Der Deutsche Philologenverband hat sich von negativen Äußerungen über Flüchtlinge des Landesverbandes Sachsen-Anhalt distanziert. Der hatte in einem Leitartikel vor einer "Immigranteninvasion" und dem "Bedürfnis" muslimischer Männer nach Sex gewarnt.

07.11.2015
    Flüchtlinge überqueren die deutsch-österreichische Grenze
    Der Philologenverband Sachsen-Anhalt warnt vor einer "Immigranteninvasion" (dpa/picture-alliance/ Sebastian Kahnert)
    Die Stellungnahmen des Chefs des Landesverbandes Sachsen-Anhalt, Jürgen Mannke, und seiner Stellvertreterin Iris Seltmann-Kuke seien "nicht berechtigt und auch nicht akzeptabel", sagte der Bundesvorsitzende des Philologenverbandes, Heinz-Peter Meidinger, der "Mitteldeutschen Zeitung". Mannke und Seltmann-Kuke thematisierten "unbestimmte Ängste vor sexuellen Belästigungen junger deutscher Mädchen durch muslimische Einwanderergruppen". Meidinger sagte, "das Aufgreifen von unbestätigten Gerüchten in der schon jetzt aufgeheizten Situation ist mit Sicherheit nicht der richtige Weg, die vor unserer Gesellschaft und vor unserem Schulwesen in Zusammenhang mit dem Zustrom von Flüchtlingen stehenden Herausforderungen zu meistern".
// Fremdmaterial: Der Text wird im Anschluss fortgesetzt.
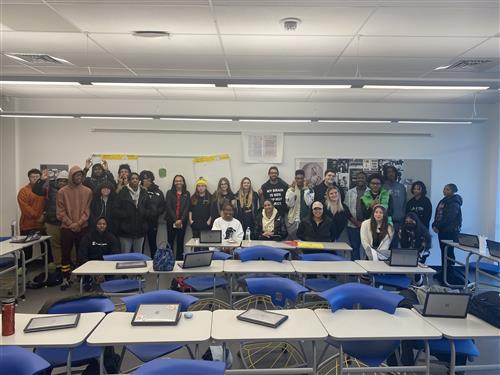 The First African American Studies Class (2022-2023).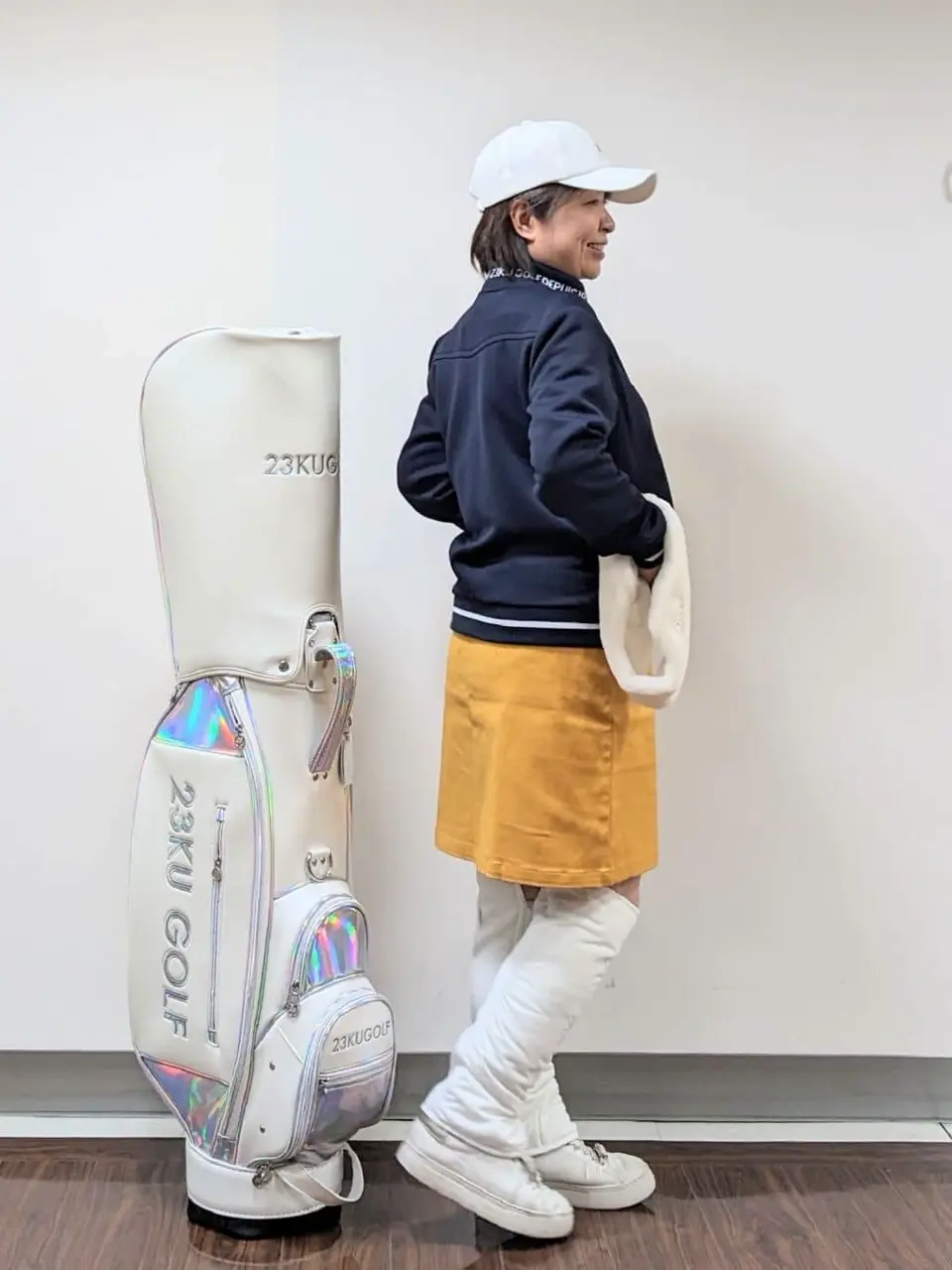 23区GOLF 市川真理子 コーディネート画像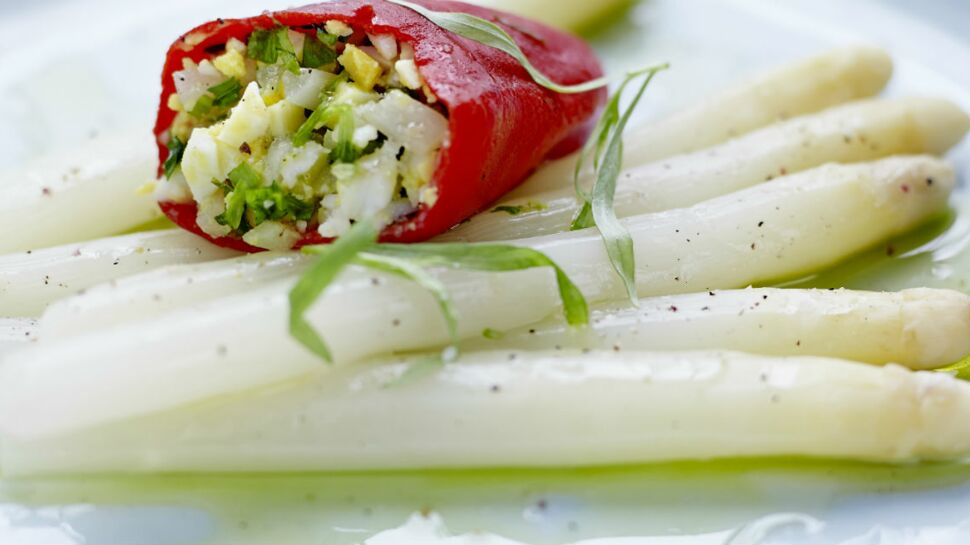 Et si l’on cuisinait les asperges blanches ?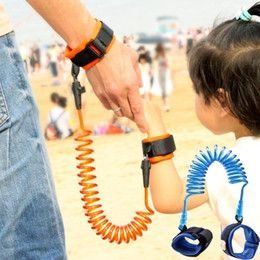 Anti Lost child lock | Anti-Lost Wrist Link - Baby Child Anti Lost Wrist Link Safety Harness Strap Hand belt band for toddlers wristband for kids loss best for umrah and hajj, travelling purpose,safe secure (Random Color) View Gallery - Pakistan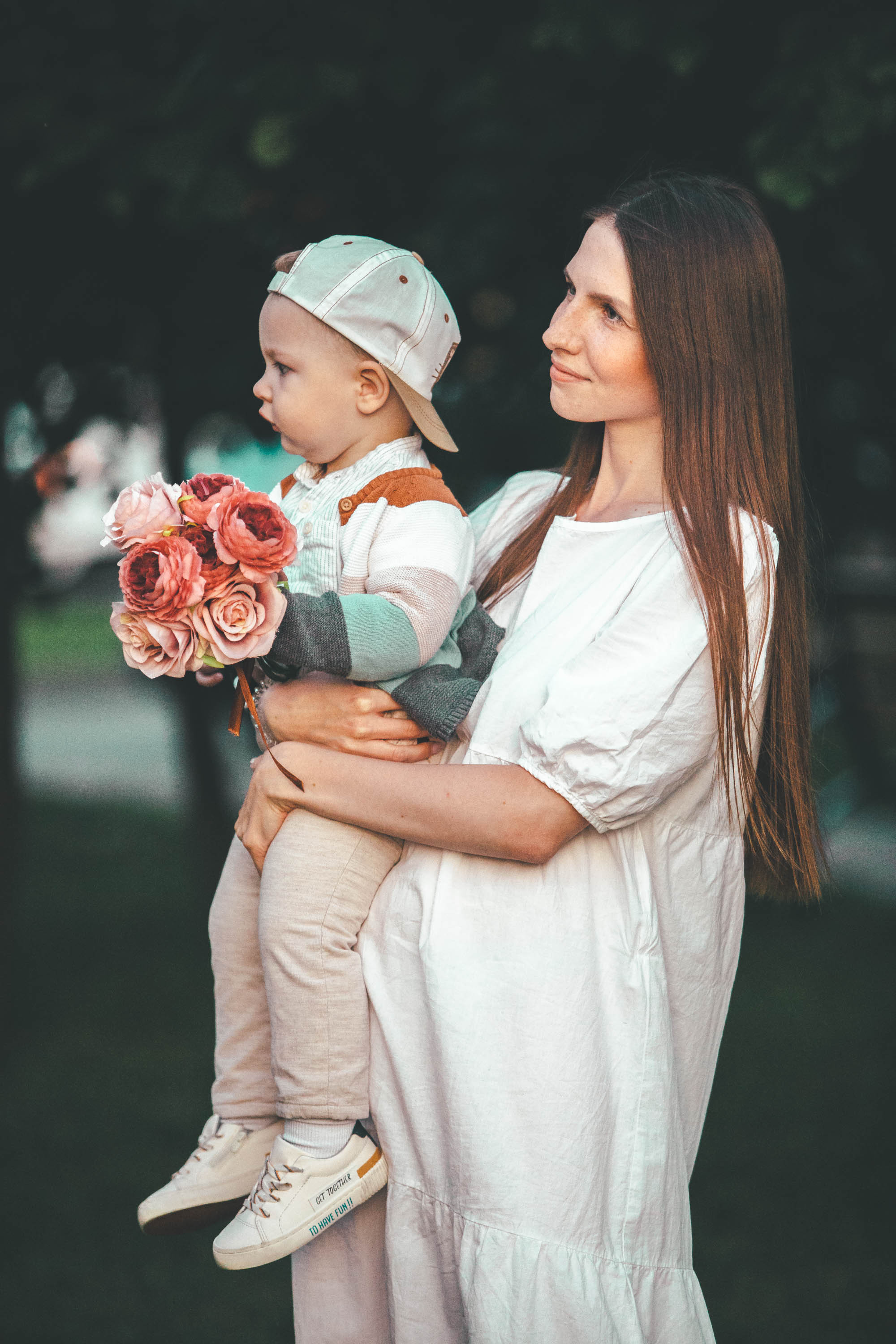 Малыши (первое знакомство). Фотограф — художник в Москве Васильева Юлия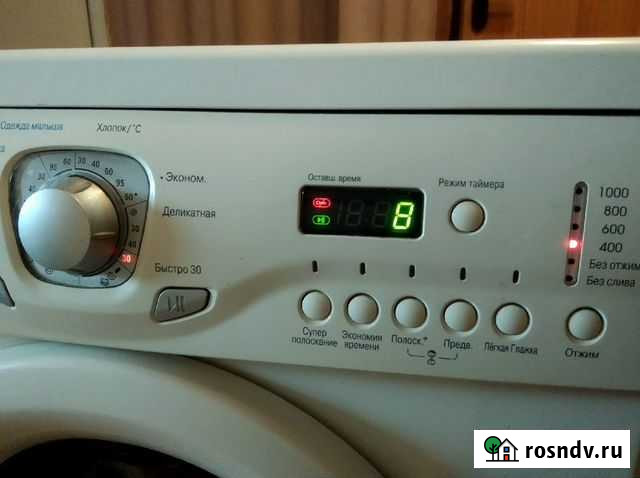 LG стиральная машина запчасти WD-10154N. на 5 кг Набережные Челны - изображение 1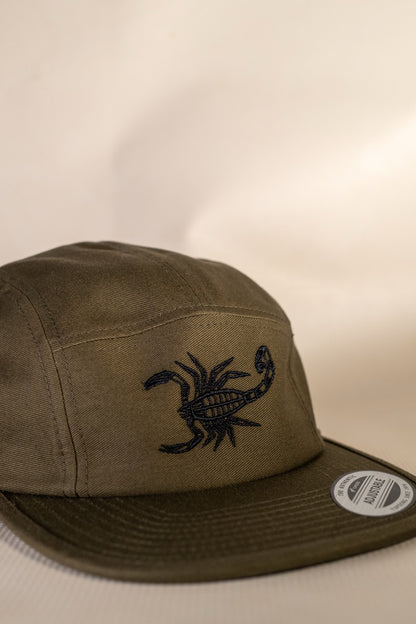 Scorpion Five Panel Cap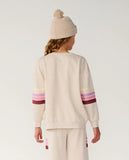 Rip Curl Girls Surf Revival Crewneck Sweatshirt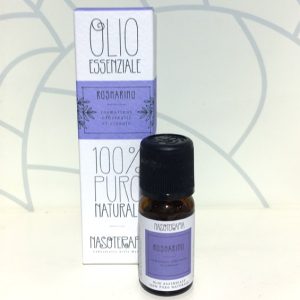 Olio essenziale di Rosmarino Biologico 10ml – Nasoterapia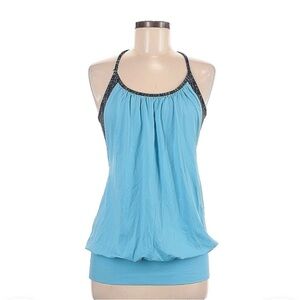 Lululemon Athletica Blue Halter Back Tank Top – Size 6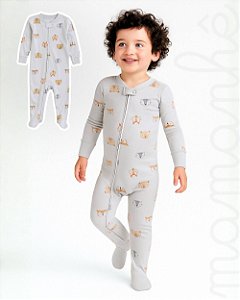 Macacão Pijama Algodão Animais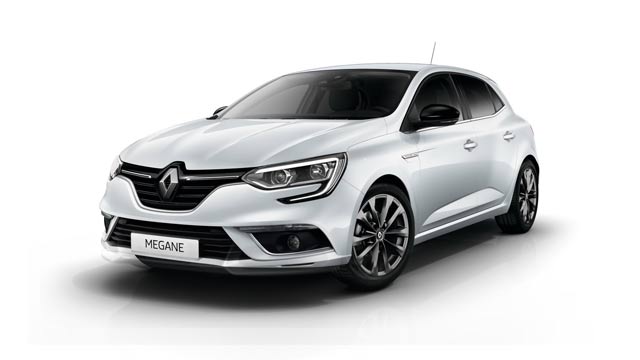 Rent a car Dubai | Renault Megane 2019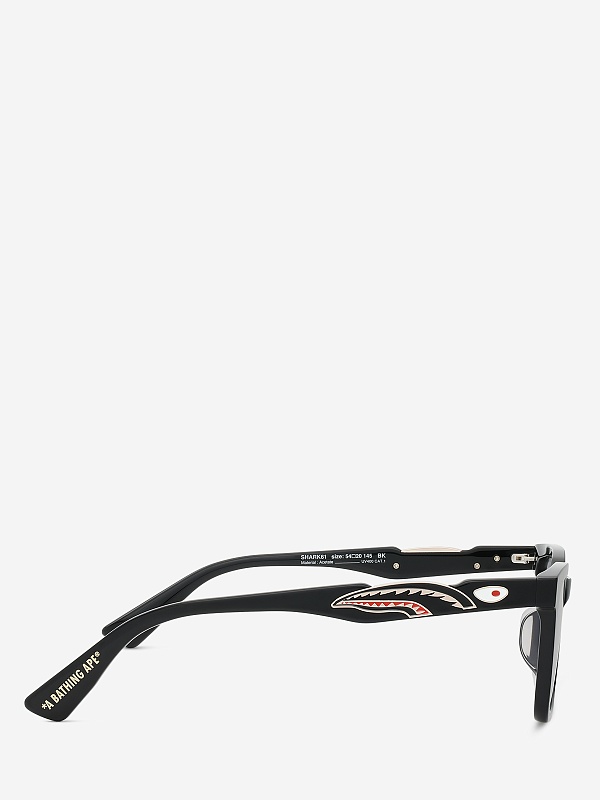Солнцезащитные очки A BATHING APE SHARK61 BK 54 20 145 - 2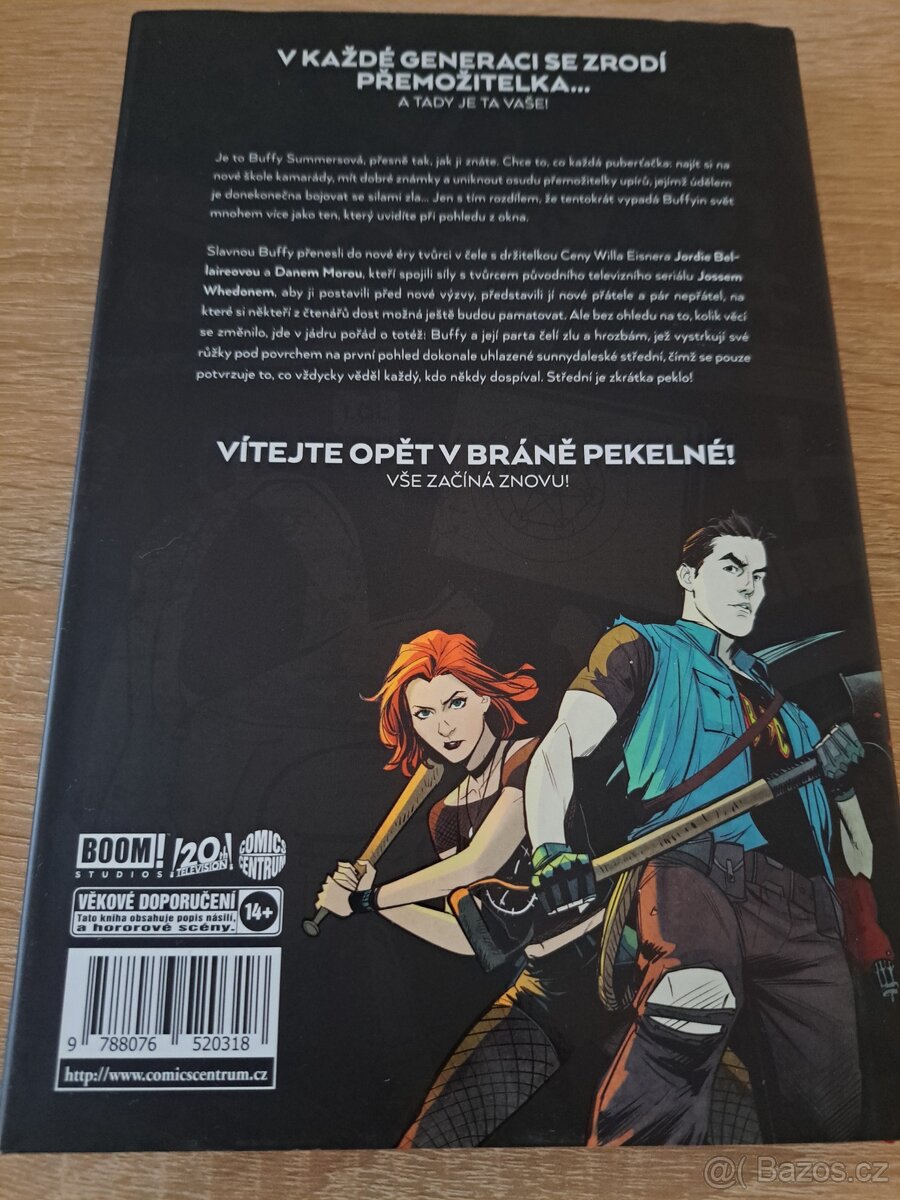 Komiks: Buffy - Střední je peklo - 2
    Der Bundesvorsitzende sagte aber auch, dass einige Forderungen berechtigt seien, etwa vor Parallelgesellschaften zu warnen. Einwanderer müssten sich außerdem an das deutsche Werte- und Rechtssystem halten.
    Warnungen "verantwortungsbewusster Pädagogen"
    Die Äußerungen wurden in der Hauszeitschrift des Philologenverbandes in Sachsen-Anhalt veröffentlicht. "Eine Immigranteninvasion überschwappt Deutschland", heißt es zu Beginn des Editorials. Darin werden mehrere Ängste geäußert. "Es gibt viele Frauen, die als Mütter heranwachsender Töchter die nahezu ungehemmten Einwanderungsströme mit sehr vielen Sorgen betrachten." Oder: "Auch als verantwortungsbewusste Pädagogen stellen wir uns die Frage: Wie können wir unsere jungen Mädchen im Alter ab 12 Jahren so aufklären, dass sie sich nicht auf ein oberflächliches sexuelles Abenteuer mit sicher oft attraktiven muslimischen Männern einlassen?"
    Der Philologenverband Sachsen warnt vor einer "Immigranteninvasion"
    Der Philologenverband Sachsen warnt vor einer "Immigranteninvasion" (Screenshot)
    Der von Mannke und Seltmann-Kuke unterzeichnete Leitartikel betont aber auch, es sei "unsere humane Pflicht, Menschen, die in existentielle Not durch Krieg und politische Verfolgung geraten sind, zu helfen".
    Politiker sprechen von "Hetze"
    Kultusminister Stephan Dorgerloh (SPD) sagte der "Mitteldeutschen Zeitung", der Verband verstärke damit „Gerüchte, verbreite Halbwahrheiten und benutze deutsche Werte als Keule. Linken-Landeschefin Birke Bull erklärte: "Das grenzt an Hetze." Grünen-Fraktions-Chefin Claudia Dalbert nannte den Artikel „"unterirdisch". Er bediene Vorurteile und den rechten Rand.
    Mannke wies gegenüber der Zeitung die Kritik zurück. Er bediene keine rassistischen Ressentiments. "Ich habe mir vor 1989 nicht den Mund verbieten lassen und tue das jetzt auch nicht", sagte Mannke.